According to Screen Australia’s proposed new guidelines inexperienced filmmakers - no matter how talented – will now have to tie themselves to highly experienced producers in order to reap the benefits of funding. “Put the money in the hands of the experienced. Have them control the inexperienced and you’ll get a sustainable industry.” This seems to be the theory behind Screen Australia’s guidelines. And it sounds like it’s come from management consultants who usually work with widget-makers - not filmmakers. Like any creative industry ours is built on the tension between art and business. It can’t sustain itself on small, dark art films any more than every film can be a Crocodile Dundee or Happy Feet blockbuster.
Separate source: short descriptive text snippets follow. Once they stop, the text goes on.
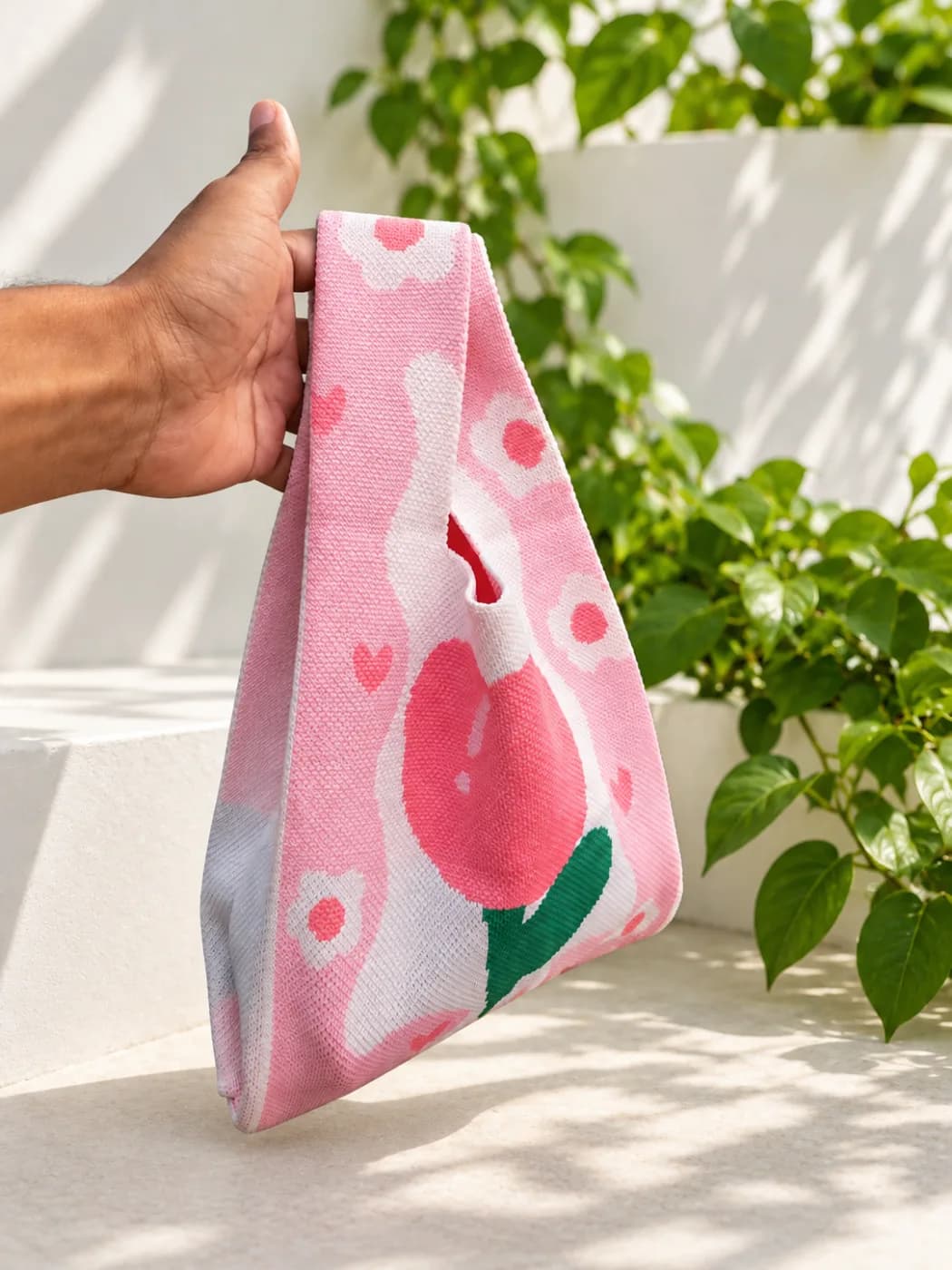 Pink Lily knotted wristlet bag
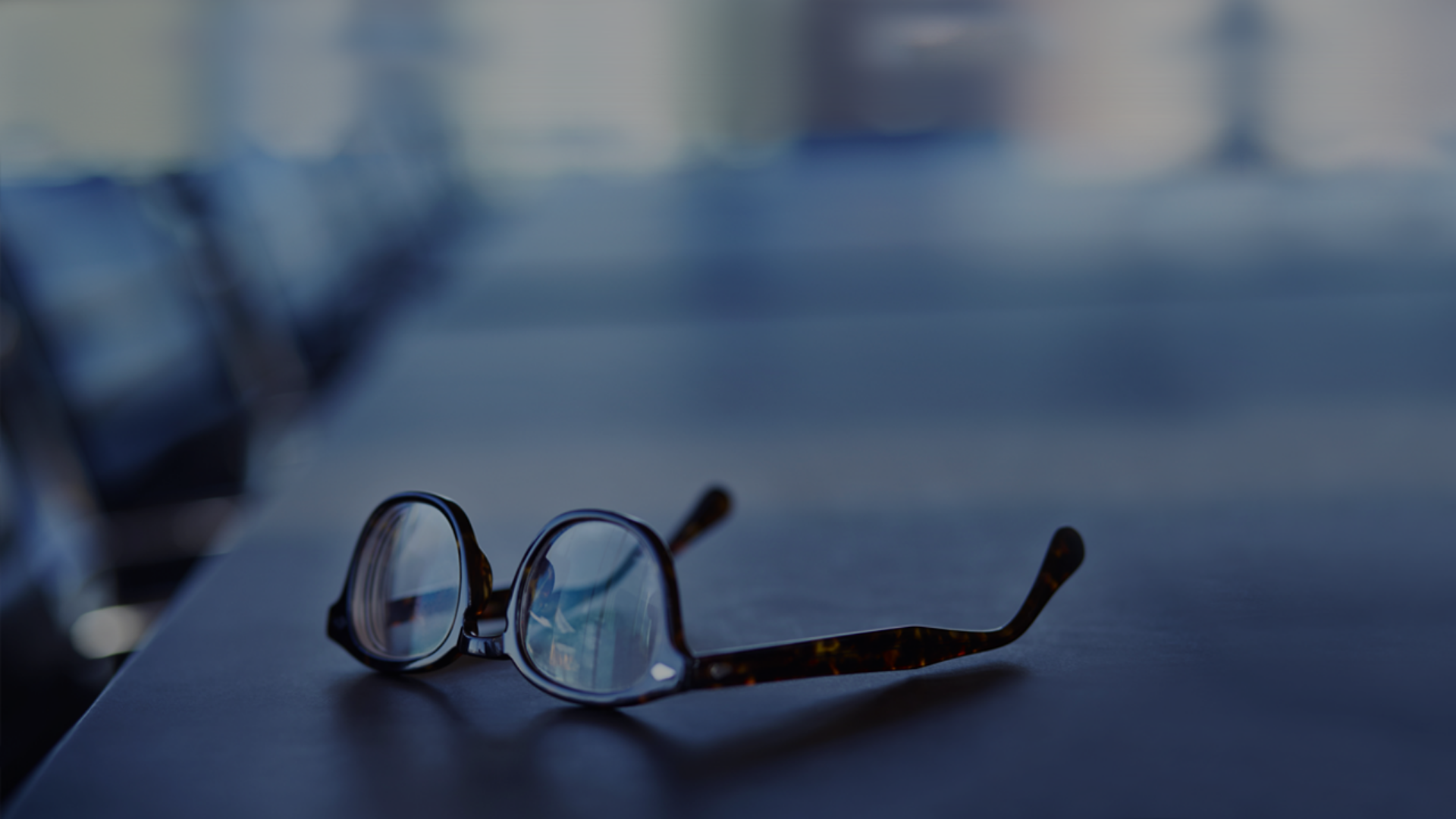 A stylish pair of glasses placed on a table, highlighting their frame and lens clarity.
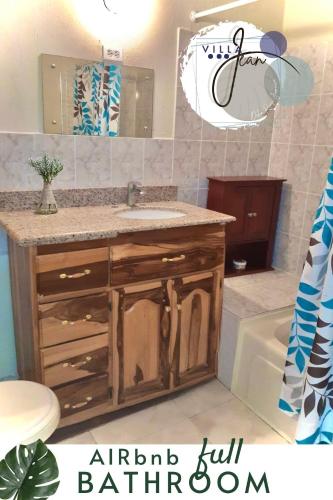 a bathroom with a sink and a mirror and a tub at Charming Villa in Ocho Rios in Ocho Rios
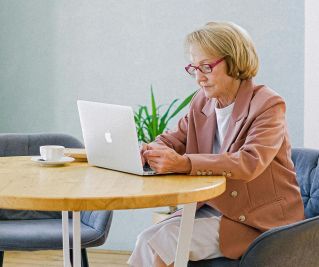 Elderly woman with glasses using a laptop at a bright, modern home interior.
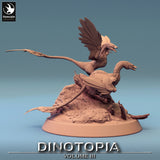 Side profile of two Microraptor miniatures showing detailed feather textures on the rocky outcrop.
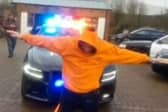  John Stephenson hauled a two-tonne car 20 metres (65ft) across a West Yorkshire storage yard after his head was set on fire.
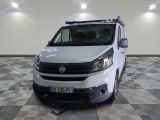 une camionnette blanche garée dans une pièce au sol en damier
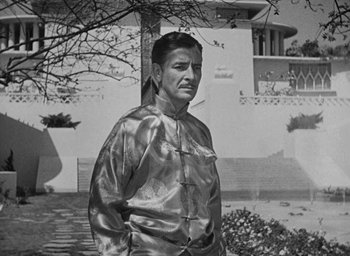 Movie still from “Lost Horizon” (1937), directed by Frank Capra – An older man wearing a silver jacket standing in front of a building; Medium shot, Low angle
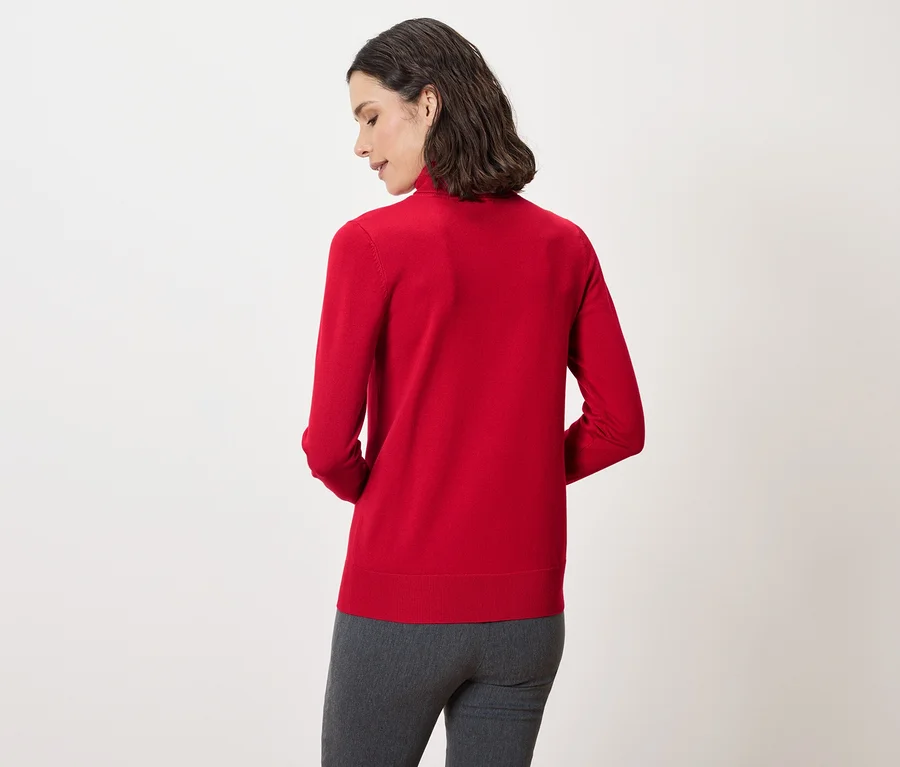 Rückansicht einer Frau mit dunklen Haaren, die einen roten Pullover und eine graue Hose trägt.
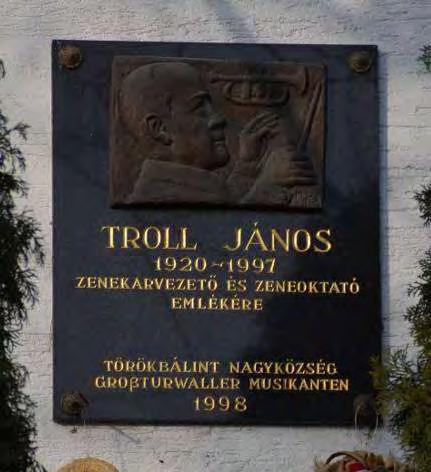 homlokzat, tagozatok nélkül, húzott párkány nyílászárók: váz-táblázatos bejárati ajtó külső tömör zsalutáblákkal, új ablakok lábazat: vakolt kerítés: a Kazinczy utcában jellegtelen kerítés a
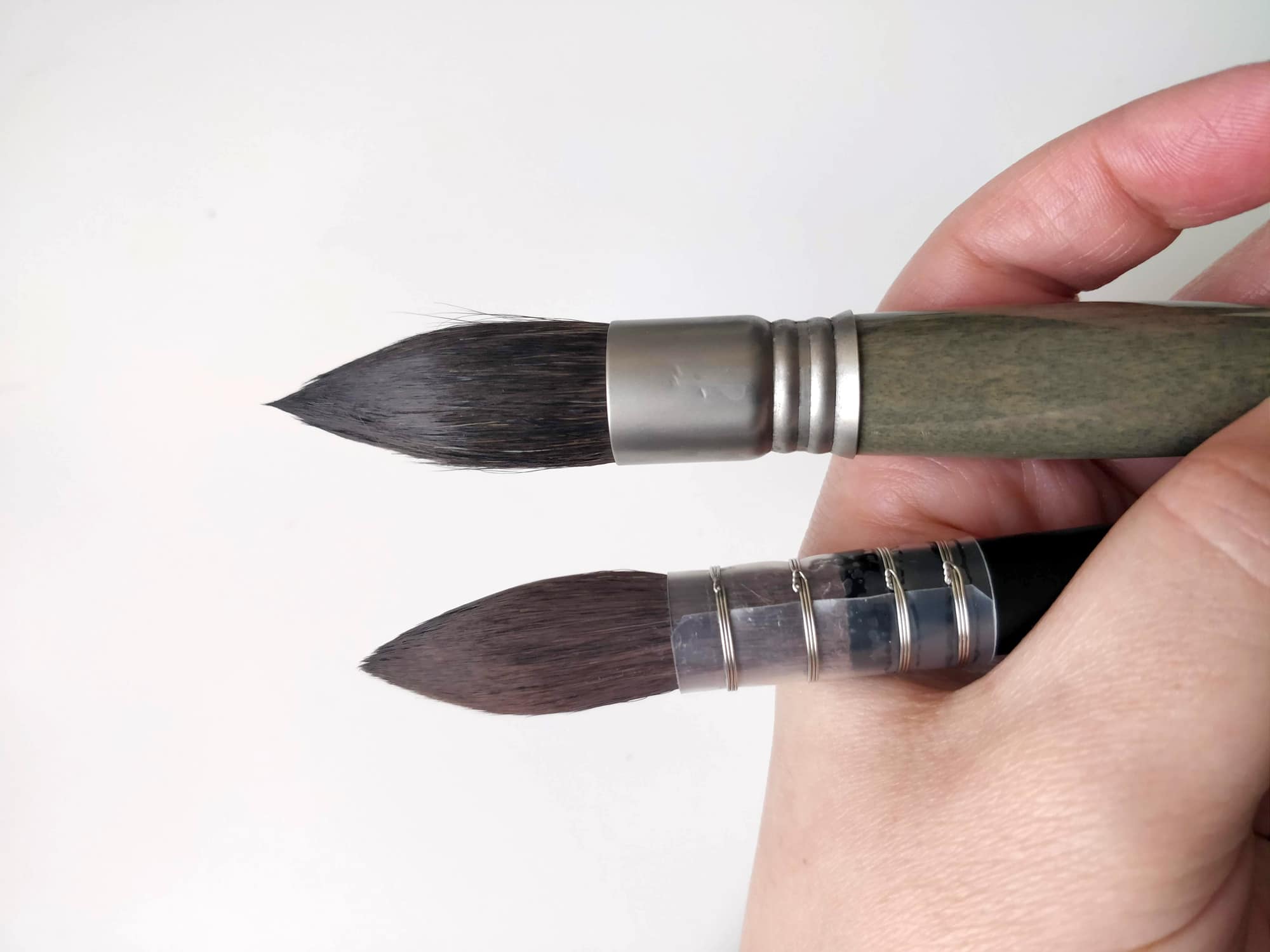 zoomed view of a hand holding - brushes zoomed view of a hand holding - brushes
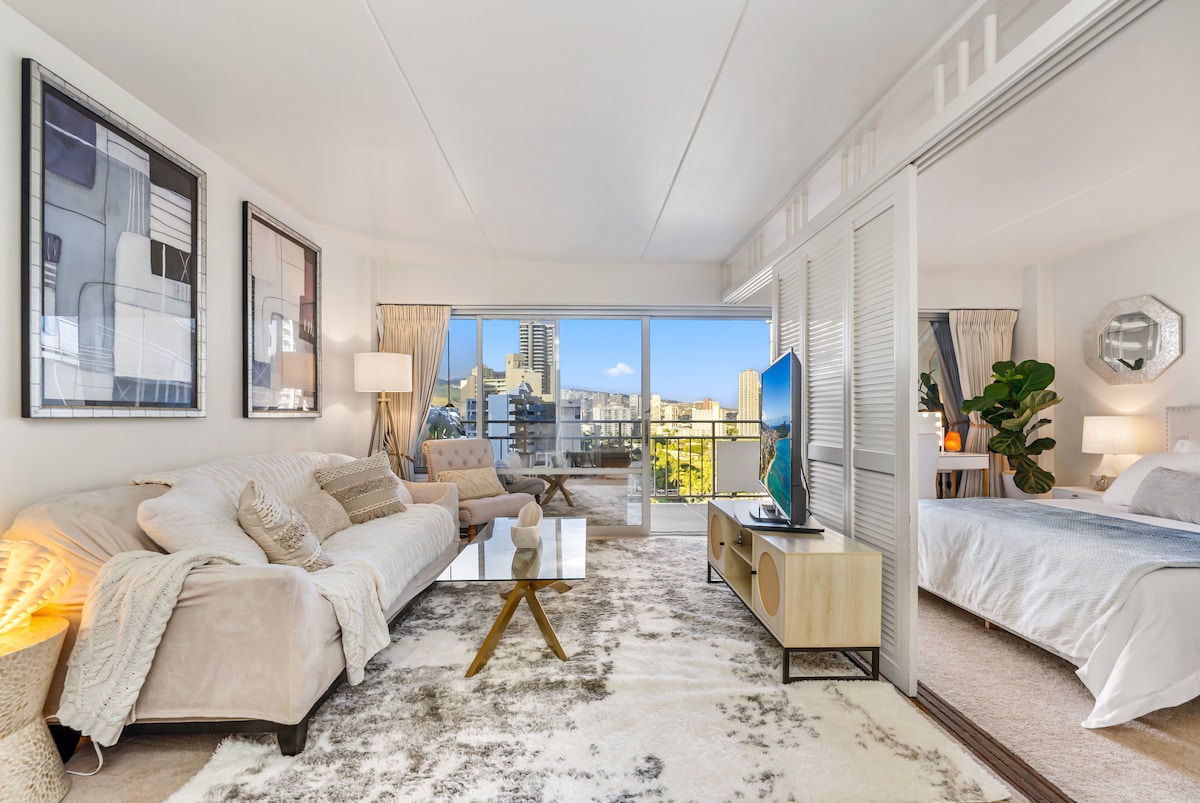 The living area features a comfortable light-colored sofa, accompanied by a glass coffee table atop a textured rug. A large swivel TV is positioned across from the seating. Sliding doors lead to a bright bedroom space, which includes a spacious bed, adorned with soft linens.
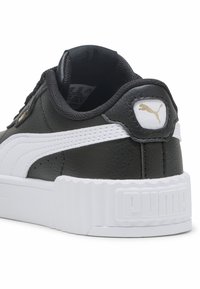 Schwarzer Ledersneaker mit weißen Akzenten, strukturiertem Profil, runder Form und markenspezifischen Details, darunter ein kleines Puma-Logo in Gold und Weiß.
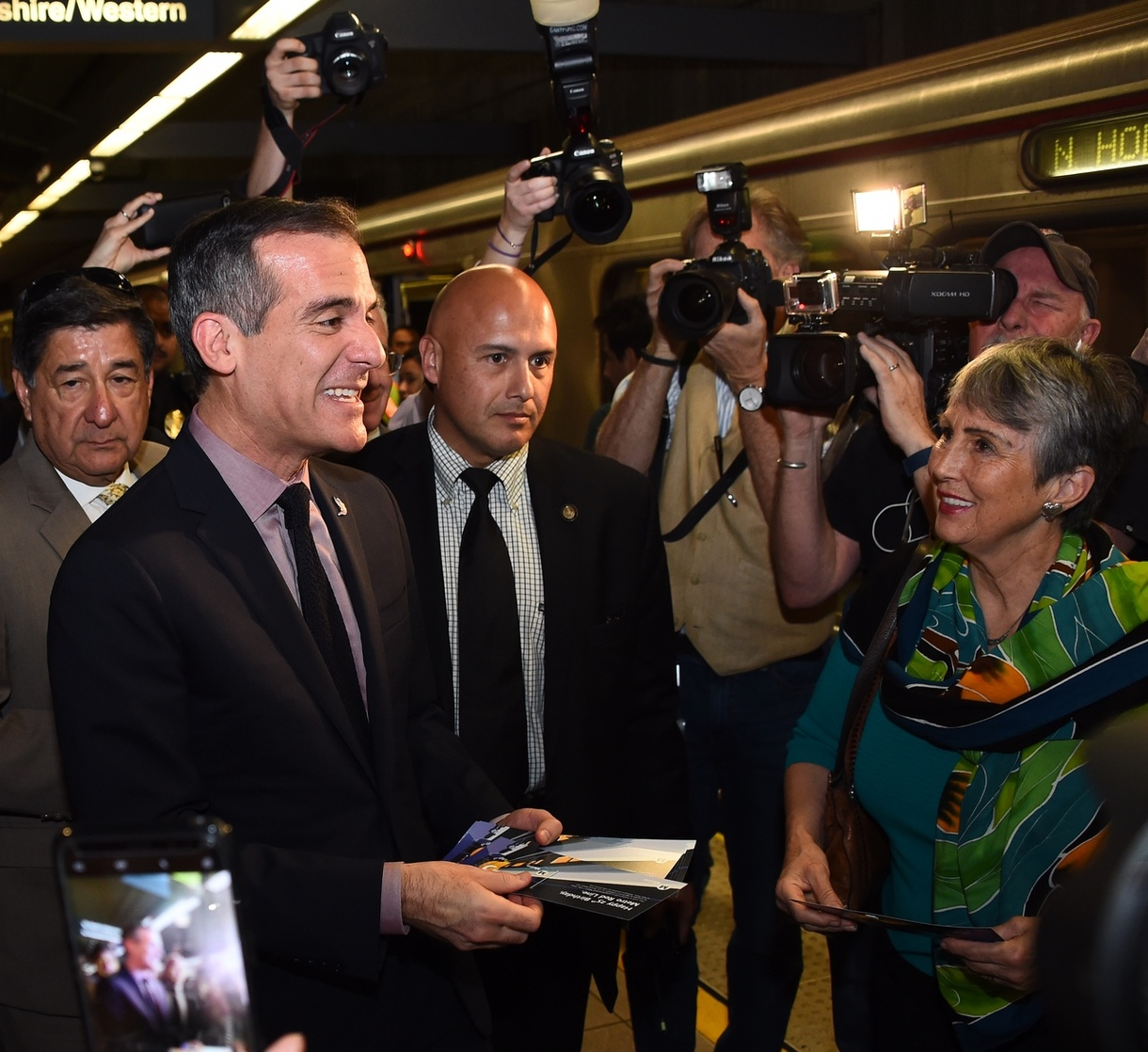 Los Angeles Mayor and Metro Board Chair Eric Garcetti Rides the Metro Red Line subway handing out complimentary 25th Birthday TAP cards to riders.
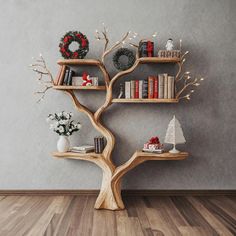 a wooden tree shelf with books and wreaths on it in front of a gray wall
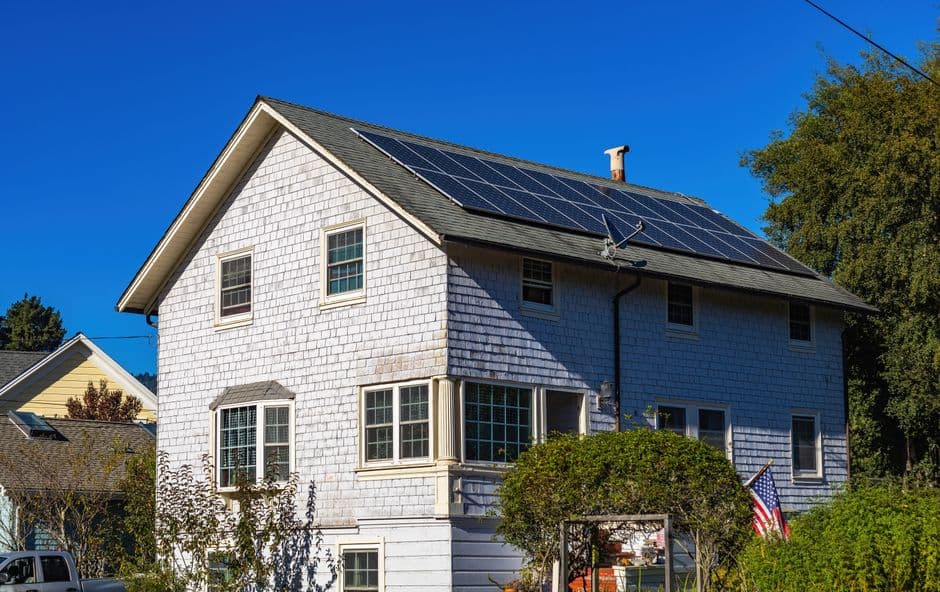 A two-story home with solar panels on its roof.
We need good producers, and the dearth of them might partly account for the dearth of good films the last five years. But all this support for a few highly experienced, successful producers seems to mirror a hiatus in support for a lot of emerging producers, emerging writers, directors and short filmmakers. Especially short filmmakers working in live action, with people. Screen Australia seems to have forgotten that all of our best directors and writers, and some of those successful producers cut their teeth on short films. It seems SA now expects the state funding bodies and the film schools, or perhaps the generous professionals of the industry to pick up the slack, as they do for Tropfest each year. This could lead to a kind of all year Tropfest where short filmmakers are reduced to cap in hand door-knocking for freebies from experienced practitioners. How else will they get their films made?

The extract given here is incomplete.